Nuclear Narratives: When Cold War Starts, The Hot Milk Gets Poured (part 2) via Dissident Voice

By Paul K. Haeder

Survivors downwind from radioactive releases push through complacency, amnesia, and secrets

Hanford is the most tragic chapter in American Cold War history.
– Stewart Udall secretary of the interior under presidents John F. Kennedy and Lyndon B. Johnson

How many times have we heard – “Eat your veggies, fruit and cheese, and drink three glasses of milk a day. You’ll grow up strong, healthy, the picture of a gallant, robust American”?

Good advice pre-Ozzie and Harriet days. For Spokane and other cities, the milk pathway, as scientists call it, is where the cows in the Tri-Cities grazed on contaminated hay and grass, laced with iodine-131. That milk was shipped twice weekly to our fair city starting in the 1940s through 1960s.

Thyroids and guts went haywire, and cancers developed. Or at least that’s what one side of the downwinder story unveiled.

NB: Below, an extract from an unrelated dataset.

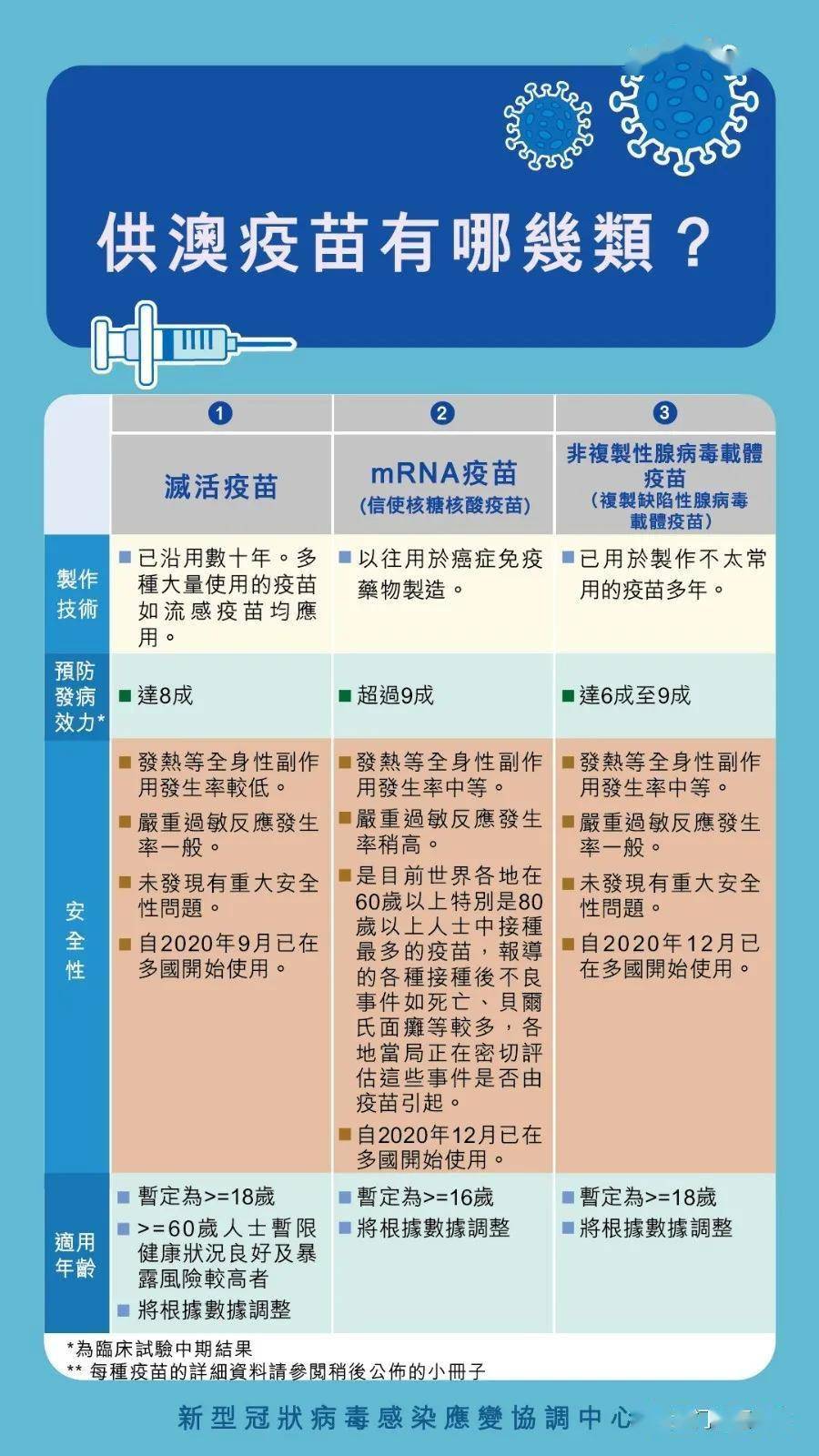 新奥门特免费资料大全澳门传真,科学数据解读分析_适中版25.436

As innocuous as it may sound, the 1949 “Green Run” at Hanford will live in infamy, tying people living throughout Washington, Idaho and Oregon at the time of the radioactive releases to their shared destiny.

[…]
Many tribes have pulled out three-eyed salmon from the Columbia. Even articles in the Spokesman titled “The Night the Little Demons were Born” dating to 1985 bespeak the X-Files lore of Hanford and its plutonium by-products, technically called radionuclides.

For the Richland and Tri-Cities stakeholders perpetuating the history and the uneven narrative of Hanford and the massive clean-up effort and contamination zone that “made” the Tri-Cities one of the fastest growth areas of the country, this is a time of looking at the “positives” of supposedly winning the Cold War and facing down nuclear annihilation.

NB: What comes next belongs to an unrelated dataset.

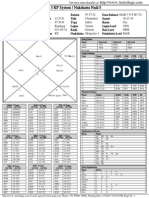 Free Birth Chart Analysis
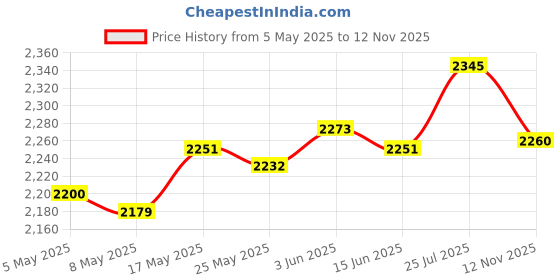 amazon.in Enakshi® Water Fountain Spray Head For Garden Amusement Library Pool -Flower Column|Business & Industrial | Heavy Equipment Attachments | Irrigation Equipment Price History Graph from 5 May 2025 to 12 Nov 2025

Thanks might go out to some of the players – the farmers and ranchers displaced in 1943, the 50,000 new inhabitants who broke ground, dug holes, laid cement and riveted, hammered and welded Hanford into existence. Most have moved on, died early deaths, or are silent reminders of science’s limitations.

[…]
To Be or Not to Be… a whistleblower

“We are the combination of Tom Bailie who grew up on a farm downwind from Hanford in Mesa. Me, who grew up in Richland as the kid of the nuclear culture. And, Jay Mullen, the kid of a military family on a base, in Idaho (Farragut Naval Training Station). Three very different childhoods, but we are tied together by the invisible tentacles of radiation discharged from Hanford.”

I spent hours with Jay Mullen, colorful, articulate, former CIA operative in Uganda and other African nations, and retired Southern Oregon University history professor. Talk about opening the proverbial Pandora’s box talking with him about how the two kids out of four who ended up at the Lake Pend Oreille base ended up with huge thyroid problems.

“My other siblings left in Missouri had no problems whatsoever. My sister’s thyroid was shot. I was a medical freak.” His father declared bankruptcy because the young Jay was paralyzed at age 19, out of the blue. He was a strapping rugby player who woke up paralyzed from the neck down. He ended up being directed to University of California-San Francisco.

“They never saw anything like this. I was studied as a freak, had my thyroid taken out, and life went on.”

His sister was the big ice cream and milk drinker, and she was hit harder by the iodine 131.